Products shrinking and getting more expensive: How to save
Published 22 May 2016 by Emily Bancroft
What could you lose out on?
When you’re trying to shop on a tight budget, you can feel like your money just doesn’t stretch as far as it once did. But you’re not just imagining this – some of the most popular products really are getting smaller, according to new research by Which?.
What’s even worse, these smaller products aren’t getting cheaper, like you might expect. In some situations, they actually cost more. Let’s take a look at which products aren’t what they used to be and what you should buy instead to save money.
What’s smaller now?
The research found that a standard Andrex four-pack of toilet rolls used to have 240 sheets – it’s now got just 221 sheets. The average price has stayed at £2, meaning you could now get less for your money.
A tube of Sensodyne Daily Care toothpaste was 100ml and it’s now 75ml. Morrisons had this at £4 and it’s now selling it for £3.49. Even though that’s cheaper, it’s actually more expensive per 100ml so you’d be worse off.
One of the worst deals is a packet of McVitie’s Dark Chocolate Digestives. That used to be 332g and it’s now just 300g. In Tesco, it was on sale for £1.59 before the shrink and it’s now 10p more expensive at £1.69. It’s still £1 in Asda so at first glance, you wouldn’t realise you were losing out and actually getting less for the same price.
What to buy instead
With products getting smaller but not getting any cheaper, the best way to save is to check the ‘unit cost’ of what you’re buying. You can find this under the price on shelves – so a £2 box of cereal at 750g would cost 26.7p per 100g.
This is helpful when you’re trying to work out the real cost for comparison between products. When you look at the unit costs of two items, you might find out that a bigger product is actually better value.

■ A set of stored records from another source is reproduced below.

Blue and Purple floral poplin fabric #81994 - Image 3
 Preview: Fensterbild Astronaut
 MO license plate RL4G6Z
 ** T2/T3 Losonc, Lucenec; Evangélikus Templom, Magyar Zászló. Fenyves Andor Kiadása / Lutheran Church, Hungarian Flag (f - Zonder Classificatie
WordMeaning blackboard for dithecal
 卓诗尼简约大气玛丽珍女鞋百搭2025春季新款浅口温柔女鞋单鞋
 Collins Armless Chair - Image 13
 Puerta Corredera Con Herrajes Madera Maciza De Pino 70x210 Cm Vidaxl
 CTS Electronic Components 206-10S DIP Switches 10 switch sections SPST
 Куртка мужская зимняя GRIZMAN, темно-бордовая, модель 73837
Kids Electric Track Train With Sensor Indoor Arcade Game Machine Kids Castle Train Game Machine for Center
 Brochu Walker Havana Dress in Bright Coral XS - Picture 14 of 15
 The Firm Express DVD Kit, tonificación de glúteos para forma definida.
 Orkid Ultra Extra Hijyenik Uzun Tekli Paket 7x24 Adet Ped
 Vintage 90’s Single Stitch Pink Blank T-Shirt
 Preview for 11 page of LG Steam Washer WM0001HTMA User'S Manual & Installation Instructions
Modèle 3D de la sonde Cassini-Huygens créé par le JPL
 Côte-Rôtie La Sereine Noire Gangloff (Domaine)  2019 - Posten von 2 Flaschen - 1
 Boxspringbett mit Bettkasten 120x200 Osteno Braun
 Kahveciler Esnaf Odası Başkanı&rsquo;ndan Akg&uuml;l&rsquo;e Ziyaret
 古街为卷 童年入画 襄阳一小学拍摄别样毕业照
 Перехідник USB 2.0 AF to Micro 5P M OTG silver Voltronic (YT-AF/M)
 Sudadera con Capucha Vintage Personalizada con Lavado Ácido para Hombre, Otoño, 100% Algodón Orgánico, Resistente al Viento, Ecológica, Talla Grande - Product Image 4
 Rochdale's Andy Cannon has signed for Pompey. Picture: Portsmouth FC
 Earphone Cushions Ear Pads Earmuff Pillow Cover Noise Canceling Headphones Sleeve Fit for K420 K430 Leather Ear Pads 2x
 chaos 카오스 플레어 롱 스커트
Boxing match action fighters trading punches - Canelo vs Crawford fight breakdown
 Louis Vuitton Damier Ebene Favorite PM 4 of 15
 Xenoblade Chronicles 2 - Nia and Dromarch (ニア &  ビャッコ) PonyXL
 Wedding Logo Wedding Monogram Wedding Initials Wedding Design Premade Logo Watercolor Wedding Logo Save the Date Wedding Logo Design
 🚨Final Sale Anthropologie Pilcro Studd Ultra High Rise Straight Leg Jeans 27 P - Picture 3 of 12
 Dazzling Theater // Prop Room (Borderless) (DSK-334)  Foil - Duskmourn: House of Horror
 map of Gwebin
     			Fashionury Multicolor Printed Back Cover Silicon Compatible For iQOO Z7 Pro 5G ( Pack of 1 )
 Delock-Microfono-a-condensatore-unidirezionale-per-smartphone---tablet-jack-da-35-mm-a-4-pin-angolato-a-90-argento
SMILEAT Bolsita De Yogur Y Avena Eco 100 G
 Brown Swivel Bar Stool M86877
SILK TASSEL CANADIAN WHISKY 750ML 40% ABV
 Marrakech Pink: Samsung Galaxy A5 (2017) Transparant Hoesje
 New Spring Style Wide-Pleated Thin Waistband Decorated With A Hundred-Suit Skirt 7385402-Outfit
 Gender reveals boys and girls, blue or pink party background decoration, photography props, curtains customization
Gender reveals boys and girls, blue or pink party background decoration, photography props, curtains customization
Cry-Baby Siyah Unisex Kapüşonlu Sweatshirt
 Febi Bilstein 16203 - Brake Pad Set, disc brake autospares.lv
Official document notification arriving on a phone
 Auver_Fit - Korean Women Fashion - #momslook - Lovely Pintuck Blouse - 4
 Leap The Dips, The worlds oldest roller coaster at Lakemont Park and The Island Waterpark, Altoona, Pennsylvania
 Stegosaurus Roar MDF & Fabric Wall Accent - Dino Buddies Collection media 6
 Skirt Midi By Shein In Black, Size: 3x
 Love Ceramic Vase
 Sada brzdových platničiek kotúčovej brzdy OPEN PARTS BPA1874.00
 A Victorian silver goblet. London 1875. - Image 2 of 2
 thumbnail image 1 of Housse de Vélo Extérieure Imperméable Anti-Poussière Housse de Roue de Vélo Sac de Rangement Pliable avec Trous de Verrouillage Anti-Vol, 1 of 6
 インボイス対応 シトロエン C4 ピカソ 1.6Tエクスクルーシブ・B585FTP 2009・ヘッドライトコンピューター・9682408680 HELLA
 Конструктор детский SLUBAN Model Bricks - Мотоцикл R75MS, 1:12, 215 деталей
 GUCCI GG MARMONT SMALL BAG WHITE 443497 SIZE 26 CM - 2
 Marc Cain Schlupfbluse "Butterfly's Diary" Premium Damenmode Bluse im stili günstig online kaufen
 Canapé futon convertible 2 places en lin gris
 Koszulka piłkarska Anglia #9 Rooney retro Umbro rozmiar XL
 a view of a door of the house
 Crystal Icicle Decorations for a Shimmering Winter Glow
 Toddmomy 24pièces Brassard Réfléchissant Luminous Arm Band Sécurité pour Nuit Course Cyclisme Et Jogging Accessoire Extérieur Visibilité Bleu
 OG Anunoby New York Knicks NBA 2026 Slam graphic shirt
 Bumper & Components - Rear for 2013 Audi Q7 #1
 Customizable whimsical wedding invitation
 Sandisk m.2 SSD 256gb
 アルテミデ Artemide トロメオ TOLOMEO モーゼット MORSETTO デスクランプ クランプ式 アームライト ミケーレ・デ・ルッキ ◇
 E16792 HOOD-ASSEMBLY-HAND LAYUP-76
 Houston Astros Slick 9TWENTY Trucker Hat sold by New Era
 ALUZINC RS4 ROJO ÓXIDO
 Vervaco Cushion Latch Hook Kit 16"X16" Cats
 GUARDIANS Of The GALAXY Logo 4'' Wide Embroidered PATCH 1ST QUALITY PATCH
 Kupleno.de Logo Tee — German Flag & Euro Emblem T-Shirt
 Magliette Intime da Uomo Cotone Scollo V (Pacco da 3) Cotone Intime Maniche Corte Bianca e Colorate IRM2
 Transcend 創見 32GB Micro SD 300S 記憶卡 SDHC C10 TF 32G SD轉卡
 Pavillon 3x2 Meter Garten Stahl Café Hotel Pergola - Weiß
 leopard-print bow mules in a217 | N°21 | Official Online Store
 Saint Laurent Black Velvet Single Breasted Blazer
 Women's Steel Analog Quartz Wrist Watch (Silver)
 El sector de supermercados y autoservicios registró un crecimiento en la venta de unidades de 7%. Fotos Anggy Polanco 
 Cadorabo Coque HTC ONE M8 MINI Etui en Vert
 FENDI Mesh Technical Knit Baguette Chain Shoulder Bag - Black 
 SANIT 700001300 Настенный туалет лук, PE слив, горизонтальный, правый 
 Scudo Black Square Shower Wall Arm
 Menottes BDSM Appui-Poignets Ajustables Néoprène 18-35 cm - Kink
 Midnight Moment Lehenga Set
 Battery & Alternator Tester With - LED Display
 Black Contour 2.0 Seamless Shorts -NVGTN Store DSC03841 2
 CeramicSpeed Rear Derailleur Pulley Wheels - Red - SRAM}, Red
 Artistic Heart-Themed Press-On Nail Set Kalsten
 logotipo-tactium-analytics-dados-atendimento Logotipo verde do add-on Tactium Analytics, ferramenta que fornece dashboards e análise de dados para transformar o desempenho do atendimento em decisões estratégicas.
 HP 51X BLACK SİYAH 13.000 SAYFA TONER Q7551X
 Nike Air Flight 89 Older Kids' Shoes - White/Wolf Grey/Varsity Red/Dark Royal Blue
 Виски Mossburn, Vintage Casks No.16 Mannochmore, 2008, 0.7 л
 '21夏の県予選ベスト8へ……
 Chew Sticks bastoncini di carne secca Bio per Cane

For example, you might see a 500g box of fish fingers for £2 and a 250g box for £1.50. Even though the 500g box is more expensive, its unit price is cheaper – 40p per 100g compared to 60p per 100g for the smaller box.
That means that it can often be better to buy and bulk and save money over the long-term. Don’t assume this will always be the case – you should check the unit price on the shelf to see which gives you the most for your money.
The only time you shouldn’t buy in bulk is if you’re buying something that will go off before you use it all. For example, if you’re buying fresh fruit or vegetables and you think half the packet will go to waste, buy the size you need instead. After all, you won’t be saving any money if you have to throw tons of food away.